- The task:
Of the entries below, return only those lines from the line with "Водные растения и цветы, 2-2,5 см, 12 штук, микс Водные" to the line with "Essential UPHILL Oversized", exactly, both included.

- Information provided:
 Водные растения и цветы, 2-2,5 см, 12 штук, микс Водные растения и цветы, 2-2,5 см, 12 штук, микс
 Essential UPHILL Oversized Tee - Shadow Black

* * *

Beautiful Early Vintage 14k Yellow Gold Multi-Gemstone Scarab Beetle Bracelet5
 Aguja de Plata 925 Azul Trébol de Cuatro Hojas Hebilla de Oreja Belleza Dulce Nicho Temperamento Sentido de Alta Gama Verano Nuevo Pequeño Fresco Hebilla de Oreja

- Problem solution:
 Водные растения и цветы, 2-2,5 см, 12 штук, микс Водные растения и цветы, 2-2,5 см, 12 штук, микс
 Essential UPHILL Oversized Tee - Shadow Black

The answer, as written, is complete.